Godlasky noted that his company has a couple pipeline projects proposed. Among them is the PennEast Pipeline project.
The 36-inch-diameter, 118-mile greenfield project would move lower-cost gas from the Marcellus play in eastern Pennsylvania to markets in New Jersey, New York, Pennsylvania and surrounding states (CP15-558). Meant to provide 1.1 million Dt/d of new firm transportation service, it would provide key takeaway capacity for constrained production in northeast Pennsylvania.
Pipeline constraints in this area caused gas prices in southeastern Pennsylvania and New Jersey to spike to over $120/MMBtu while production areas of northeastern Pennsylvania saw prices between $3-$5/MMBtu, Godlasky said. This, in turn, sent electricity prices "that would normally trade between $40 and $60/MWh" to trade at over $1,000/MWh.
"It's important that we have the pipeline capacity not only to serve the natural gas baseload generation but also have the generation capabilities available when renewable energy does take off," Godlasky said.
But the PennEast project has faced stiff opposition from landowners and environmentalists, and has seen thousands of comments and motions to intervene filed at FERC by opponents . Recently those have included calls for FERC to withdraw its draft environmental impact statement, contending FERC relied on incomplete information to draw conclusions that impacts would be mitigated.
Resistance from landowners has in some cases affected the ability of the project sponsors to conduct environmental surveys, according to the DEIS.
Acknowledging pipeline siting hardships in certain parts of the country, DeCotis offered that for "areas where it's very unlikely politically that new gas pipeline infrastructure is going to get built, system operators have to look at alternatives to gas peaking generation to fill in those gaps when intermittent renewable resources are not available."
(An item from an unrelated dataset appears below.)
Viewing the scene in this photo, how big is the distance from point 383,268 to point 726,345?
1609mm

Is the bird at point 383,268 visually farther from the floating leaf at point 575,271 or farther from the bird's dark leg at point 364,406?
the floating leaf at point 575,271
One such alternative, he said, is storage, which becomes more cost effective as incremental pipeline capacity increases in cost.
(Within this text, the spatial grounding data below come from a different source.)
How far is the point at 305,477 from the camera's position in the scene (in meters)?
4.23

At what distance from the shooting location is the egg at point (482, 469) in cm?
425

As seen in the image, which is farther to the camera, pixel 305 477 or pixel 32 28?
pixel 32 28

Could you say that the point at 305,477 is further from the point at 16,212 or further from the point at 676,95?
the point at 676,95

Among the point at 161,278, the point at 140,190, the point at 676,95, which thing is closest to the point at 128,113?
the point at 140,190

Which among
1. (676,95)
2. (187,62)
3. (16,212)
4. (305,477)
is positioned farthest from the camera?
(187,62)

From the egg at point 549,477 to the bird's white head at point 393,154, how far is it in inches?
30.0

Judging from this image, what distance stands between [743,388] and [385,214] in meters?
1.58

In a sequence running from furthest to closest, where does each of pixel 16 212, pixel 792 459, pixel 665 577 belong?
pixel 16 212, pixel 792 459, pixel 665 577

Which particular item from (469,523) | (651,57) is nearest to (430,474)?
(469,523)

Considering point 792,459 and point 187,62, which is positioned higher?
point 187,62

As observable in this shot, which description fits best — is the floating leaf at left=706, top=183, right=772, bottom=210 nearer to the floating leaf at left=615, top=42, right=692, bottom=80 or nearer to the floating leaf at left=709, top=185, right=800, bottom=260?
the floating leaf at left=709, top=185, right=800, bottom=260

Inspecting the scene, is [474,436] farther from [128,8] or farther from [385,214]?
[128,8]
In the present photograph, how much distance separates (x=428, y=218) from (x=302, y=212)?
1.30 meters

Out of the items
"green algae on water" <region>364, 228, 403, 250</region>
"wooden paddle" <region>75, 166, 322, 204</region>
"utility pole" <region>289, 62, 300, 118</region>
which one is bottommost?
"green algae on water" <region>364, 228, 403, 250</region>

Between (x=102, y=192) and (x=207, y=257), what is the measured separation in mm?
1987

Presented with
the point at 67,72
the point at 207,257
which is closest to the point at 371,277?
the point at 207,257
Still, Ralph LaRossa, president and chief operating officer of Public Service Electric & Gas, commented that "if we've learned anything over the last week or so, it is that we need to be prepared no matter what happens."
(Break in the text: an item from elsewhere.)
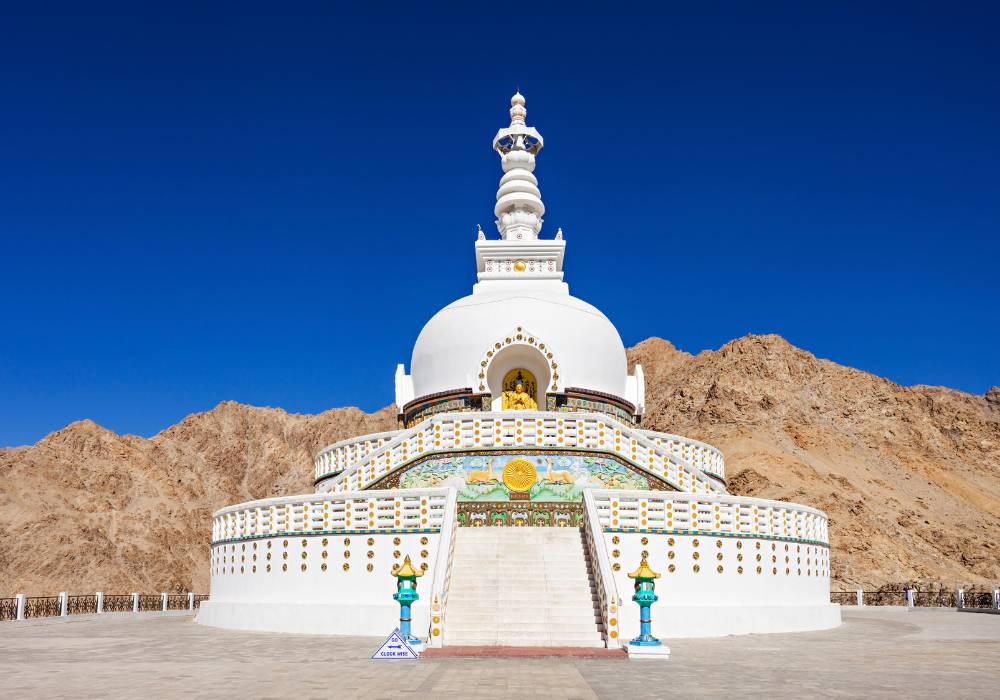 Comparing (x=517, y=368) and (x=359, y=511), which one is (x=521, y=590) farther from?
(x=517, y=368)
Pipeline buildout needed, AGA to step up advocacy
In that sense, the electric grid and the natural gas system need more redundancy and more resiliency, and "we should be building out the pipelines so that we're prepared no matter what policy is put forth from the federal government or from any individual state."
To aid in that front, LaRossa, who is currently chairman of the American Gas Association, said AGA is going to become "more and more vocal about the value natural gas brings to society as a whole."
While gas would maintain a place in the generation mix even with more renewables, LaRossa said the industry does not want to "get caught up in the wash of efforts to really push renewables and to take away the advantage that we know that we bring to the table from a supply standpoint."
LaRossa said that his personal view was that a Trump administration would push more federal policies down to the states. As the states garner more control over the generation mix, "there will be a big push by certain organizations to impact those states where they feel they can have an impact, whether it be environmental organizations or renewable organizations," he said.
But given the low cost, abundance and other benefits gas offers, including being an environmentally sound fuel source that can be delivered safely, LaRossa said, "we can't have natural gas just take a back seat, ...whether we're complementary to renewables or we're more of a baseload."
He added that allowing individual states to pick off gas for generation and home heating will trigger reliability concerns. "The more that organizations like [NARUC] can stay on the same page and make sure we don't' get picked off by different policies, the better it will be for all of us."